§ **Data items**
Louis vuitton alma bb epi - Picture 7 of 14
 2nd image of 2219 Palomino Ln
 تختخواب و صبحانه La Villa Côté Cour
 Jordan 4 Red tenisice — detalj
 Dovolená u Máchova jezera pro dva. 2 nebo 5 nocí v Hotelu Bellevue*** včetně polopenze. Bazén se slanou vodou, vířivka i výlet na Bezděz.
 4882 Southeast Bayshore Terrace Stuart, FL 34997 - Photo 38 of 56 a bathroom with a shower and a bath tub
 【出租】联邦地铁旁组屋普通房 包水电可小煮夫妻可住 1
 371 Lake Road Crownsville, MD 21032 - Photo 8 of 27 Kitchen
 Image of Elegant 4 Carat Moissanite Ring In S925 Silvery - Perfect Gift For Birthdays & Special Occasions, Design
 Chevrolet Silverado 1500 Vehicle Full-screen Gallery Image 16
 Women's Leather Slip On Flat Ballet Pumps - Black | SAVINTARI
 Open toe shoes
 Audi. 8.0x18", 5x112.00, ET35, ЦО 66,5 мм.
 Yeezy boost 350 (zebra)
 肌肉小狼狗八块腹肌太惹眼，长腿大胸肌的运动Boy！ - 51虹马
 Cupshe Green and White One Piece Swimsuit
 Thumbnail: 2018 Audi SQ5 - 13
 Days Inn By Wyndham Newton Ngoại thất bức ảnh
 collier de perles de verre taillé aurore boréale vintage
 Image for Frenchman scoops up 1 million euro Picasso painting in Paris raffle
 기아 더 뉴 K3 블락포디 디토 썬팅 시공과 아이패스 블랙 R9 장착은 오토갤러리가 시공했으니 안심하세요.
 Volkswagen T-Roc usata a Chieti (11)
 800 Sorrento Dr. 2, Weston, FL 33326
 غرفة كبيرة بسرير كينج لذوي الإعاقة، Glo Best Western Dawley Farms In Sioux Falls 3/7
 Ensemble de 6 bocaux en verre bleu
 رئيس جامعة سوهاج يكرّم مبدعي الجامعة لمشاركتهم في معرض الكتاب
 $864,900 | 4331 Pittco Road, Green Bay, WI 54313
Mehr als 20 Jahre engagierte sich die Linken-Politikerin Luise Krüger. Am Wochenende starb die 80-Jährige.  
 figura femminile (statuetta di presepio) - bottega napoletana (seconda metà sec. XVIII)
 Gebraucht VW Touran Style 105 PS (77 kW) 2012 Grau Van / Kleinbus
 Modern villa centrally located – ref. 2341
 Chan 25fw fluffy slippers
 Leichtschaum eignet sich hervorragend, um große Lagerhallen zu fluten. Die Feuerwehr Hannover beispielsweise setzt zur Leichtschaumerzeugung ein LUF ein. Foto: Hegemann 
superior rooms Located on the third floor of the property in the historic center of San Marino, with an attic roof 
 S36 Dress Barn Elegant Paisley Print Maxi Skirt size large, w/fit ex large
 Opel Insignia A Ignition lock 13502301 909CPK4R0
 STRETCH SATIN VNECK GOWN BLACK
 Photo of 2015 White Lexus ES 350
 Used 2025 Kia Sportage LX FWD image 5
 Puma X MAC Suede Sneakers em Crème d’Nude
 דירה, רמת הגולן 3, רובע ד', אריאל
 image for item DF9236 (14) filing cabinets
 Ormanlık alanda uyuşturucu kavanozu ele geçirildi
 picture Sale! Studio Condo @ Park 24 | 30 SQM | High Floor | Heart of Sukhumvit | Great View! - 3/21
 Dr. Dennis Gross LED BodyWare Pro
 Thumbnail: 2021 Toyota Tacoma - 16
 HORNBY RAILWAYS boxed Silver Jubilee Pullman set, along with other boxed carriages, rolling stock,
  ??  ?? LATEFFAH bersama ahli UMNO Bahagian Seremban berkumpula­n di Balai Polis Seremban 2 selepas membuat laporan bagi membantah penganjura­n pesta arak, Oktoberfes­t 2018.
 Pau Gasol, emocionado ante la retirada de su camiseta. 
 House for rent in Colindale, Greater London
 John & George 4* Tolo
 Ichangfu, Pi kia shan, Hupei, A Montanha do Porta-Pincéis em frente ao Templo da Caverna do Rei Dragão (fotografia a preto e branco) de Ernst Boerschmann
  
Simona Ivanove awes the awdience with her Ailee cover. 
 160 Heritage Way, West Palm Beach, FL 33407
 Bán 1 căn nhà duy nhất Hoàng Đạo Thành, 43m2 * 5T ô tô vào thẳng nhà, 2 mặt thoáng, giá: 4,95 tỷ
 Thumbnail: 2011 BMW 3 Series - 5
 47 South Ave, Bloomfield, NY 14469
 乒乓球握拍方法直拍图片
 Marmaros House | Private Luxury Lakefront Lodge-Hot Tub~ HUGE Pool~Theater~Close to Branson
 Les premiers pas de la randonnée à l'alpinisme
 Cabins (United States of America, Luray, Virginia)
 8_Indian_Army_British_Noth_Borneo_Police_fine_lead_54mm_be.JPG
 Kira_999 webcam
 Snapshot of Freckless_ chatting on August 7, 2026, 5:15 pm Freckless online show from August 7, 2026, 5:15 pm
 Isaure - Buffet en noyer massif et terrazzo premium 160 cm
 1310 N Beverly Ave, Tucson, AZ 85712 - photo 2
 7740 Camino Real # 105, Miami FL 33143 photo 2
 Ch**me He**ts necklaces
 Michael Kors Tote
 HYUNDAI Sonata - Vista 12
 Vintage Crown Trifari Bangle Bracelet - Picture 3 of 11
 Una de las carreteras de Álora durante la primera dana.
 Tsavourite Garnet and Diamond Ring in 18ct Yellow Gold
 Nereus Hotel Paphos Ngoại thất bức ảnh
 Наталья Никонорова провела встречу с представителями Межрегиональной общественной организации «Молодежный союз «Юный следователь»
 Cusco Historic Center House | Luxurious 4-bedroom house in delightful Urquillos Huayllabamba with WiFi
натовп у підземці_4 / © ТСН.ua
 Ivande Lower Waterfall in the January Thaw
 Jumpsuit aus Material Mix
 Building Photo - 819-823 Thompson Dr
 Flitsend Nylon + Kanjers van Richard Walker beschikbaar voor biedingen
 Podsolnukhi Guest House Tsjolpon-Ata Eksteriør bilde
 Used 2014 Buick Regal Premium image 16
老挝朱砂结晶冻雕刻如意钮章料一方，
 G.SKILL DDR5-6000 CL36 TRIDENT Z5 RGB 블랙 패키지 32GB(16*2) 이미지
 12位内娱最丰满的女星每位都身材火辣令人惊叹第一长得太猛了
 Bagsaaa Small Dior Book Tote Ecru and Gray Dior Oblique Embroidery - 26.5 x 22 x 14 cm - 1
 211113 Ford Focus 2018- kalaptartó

§ **What to do**
Repeat each entry word for word.

§ **Solution**
Louis vuitton alma bb epi - Picture 7 of 14
 2nd image of 2219 Palomino Ln
 تختخواب و صبحانه La Villa Côté Cour
 Jordan 4 Red tenisice — detalj
 Dovolená u Máchova jezera pro dva. 2 nebo 5 nocí v Hotelu Bellevue*** včetně polopenze. Bazén se slanou vodou, vířivka i výlet na Bezděz.
 4882 Southeast Bayshore Terrace Stuart, FL 34997 - Photo 38 of 56 a bathroom with a shower and a bath tub
 【出租】联邦地铁旁组屋普通房 包水电可小煮夫妻可住 1
 371 Lake Road Crownsville, MD 21032 - Photo 8 of 27 Kitchen
 Image of Elegant 4 Carat Moissanite Ring In S925 Silvery - Perfect Gift For Birthdays & Special Occasions, Design
 Chevrolet Silverado 1500 Vehicle Full-screen Gallery Image 16
 Women's Leather Slip On Flat Ballet Pumps - Black | SAVINTARI
 Open toe shoes
 Audi. 8.0x18", 5x112.00, ET35, ЦО 66,5 мм.
 Yeezy boost 350 (zebra)
 肌肉小狼狗八块腹肌太惹眼，长腿大胸肌的运动Boy！ - 51虹马
 Cupshe Green and White One Piece Swimsuit
 Thumbnail: 2018 Audi SQ5 - 13
 Days Inn By Wyndham Newton Ngoại thất bức ảnh
 collier de perles de verre taillé aurore boréale vintage
 Image for Frenchman scoops up 1 million euro Picasso painting in Paris raffle
 기아 더 뉴 K3 블락포디 디토 썬팅 시공과 아이패스 블랙 R9 장착은 오토갤러리가 시공했으니 안심하세요.
 Volkswagen T-Roc usata a Chieti (11)
 800 Sorrento Dr. 2, Weston, FL 33326
 غرفة كبيرة بسرير كينج لذوي الإعاقة، Glo Best Western Dawley Farms In Sioux Falls 3/7
 Ensemble de 6 bocaux en verre bleu
 رئيس جامعة سوهاج يكرّم مبدعي الجامعة لمشاركتهم في معرض الكتاب
 $864,900 | 4331 Pittco Road, Green Bay, WI 54313
Mehr als 20 Jahre engagierte sich die Linken-Politikerin Luise Krüger. Am Wochenende starb die 80-Jährige.  
 figura femminile (statuetta di presepio) - bottega napoletana (seconda metà sec. XVIII)
 Gebraucht VW Touran Style 105 PS (77 kW) 2012 Grau Van / Kleinbus
 Modern villa centrally located – ref. 2341
 Chan 25fw fluffy slippers
 Leichtschaum eignet sich hervorragend, um große Lagerhallen zu fluten. Die Feuerwehr Hannover beispielsweise setzt zur Leichtschaumerzeugung ein LUF ein. Foto: Hegemann 
superior rooms Located on the third floor of the property in the historic center of San Marino, with an attic roof 
 S36 Dress Barn Elegant Paisley Print Maxi Skirt size large, w/fit ex large
 Opel Insignia A Ignition lock 13502301 909CPK4R0
 STRETCH SATIN VNECK GOWN BLACK
 Photo of 2015 White Lexus ES 350
 Used 2025 Kia Sportage LX FWD image 5
 Puma X MAC Suede Sneakers em Crème d’Nude
 דירה, רמת הגולן 3, רובע ד', אריאל
 image for item DF9236 (14) filing cabinets
 Ormanlık alanda uyuşturucu kavanozu ele geçirildi
 picture Sale! Studio Condo @ Park 24 | 30 SQM | High Floor | Heart of Sukhumvit | Great View! - 3/21
 Dr. Dennis Gross LED BodyWare Pro
 Thumbnail: 2021 Toyota Tacoma - 16
 HORNBY RAILWAYS boxed Silver Jubilee Pullman set, along with other boxed carriages, rolling stock,
  ??  ?? LATEFFAH bersama ahli UMNO Bahagian Seremban berkumpula­n di Balai Polis Seremban 2 selepas membuat laporan bagi membantah penganjura­n pesta arak, Oktoberfes­t 2018.
 Pau Gasol, emocionado ante la retirada de su camiseta. 
 House for rent in Colindale, Greater London
 John & George 4* Tolo
 Ichangfu, Pi kia shan, Hupei, A Montanha do Porta-Pincéis em frente ao Templo da Caverna do Rei Dragão (fotografia a preto e branco) de Ernst Boerschmann
  
Simona Ivanove awes the awdience with her Ailee cover. 
 160 Heritage Way, West Palm Beach, FL 33407
 Bán 1 căn nhà duy nhất Hoàng Đạo Thành, 43m2 * 5T ô tô vào thẳng nhà, 2 mặt thoáng, giá: 4,95 tỷ
 Thumbnail: 2011 BMW 3 Series - 5
 47 South Ave, Bloomfield, NY 14469
 乒乓球握拍方法直拍图片
 Marmaros House | Private Luxury Lakefront Lodge-Hot Tub~ HUGE Pool~Theater~Close to Branson
 Les premiers pas de la randonnée à l'alpinisme
 Cabins (United States of America, Luray, Virginia)
 8_Indian_Army_British_Noth_Borneo_Police_fine_lead_54mm_be.JPG
 Kira_999 webcam
 Snapshot of Freckless_ chatting on August 7, 2026, 5:15 pm Freckless online show from August 7, 2026, 5:15 pm
 Isaure - Buffet en noyer massif et terrazzo premium 160 cm
 1310 N Beverly Ave, Tucson, AZ 85712 - photo 2
 7740 Camino Real # 105, Miami FL 33143 photo 2
 Ch**me He**ts necklaces
 Michael Kors Tote
 HYUNDAI Sonata - Vista 12
 Vintage Crown Trifari Bangle Bracelet - Picture 3 of 11
 Una de las carreteras de Álora durante la primera dana.
 Tsavourite Garnet and Diamond Ring in 18ct Yellow Gold
 Nereus Hotel Paphos Ngoại thất bức ảnh
 Наталья Никонорова провела встречу с представителями Межрегиональной общественной организации «Молодежный союз «Юный следователь»
 Cusco Historic Center House | Luxurious 4-bedroom house in delightful Urquillos Huayllabamba with WiFi
натовп у підземці_4 / © ТСН.ua
 Ivande Lower Waterfall in the January Thaw
 Jumpsuit aus Material Mix
 Building Photo - 819-823 Thompson Dr
 Flitsend Nylon + Kanjers van Richard Walker beschikbaar voor biedingen
 Podsolnukhi Guest House Tsjolpon-Ata Eksteriør bilde
 Used 2014 Buick Regal Premium image 16
老挝朱砂结晶冻雕刻如意钮章料一方，
 G.SKILL DDR5-6000 CL36 TRIDENT Z5 RGB 블랙 패키지 32GB(16*2) 이미지
 12位内娱最丰满的女星每位都身材火辣令人惊叹第一长得太猛了
 Bagsaaa Small Dior Book Tote Ecru and Gray Dior Oblique Embroidery - 26.5 x 22 x 14 cm - 1
 211113 Ford Focus 2018- kalaptartó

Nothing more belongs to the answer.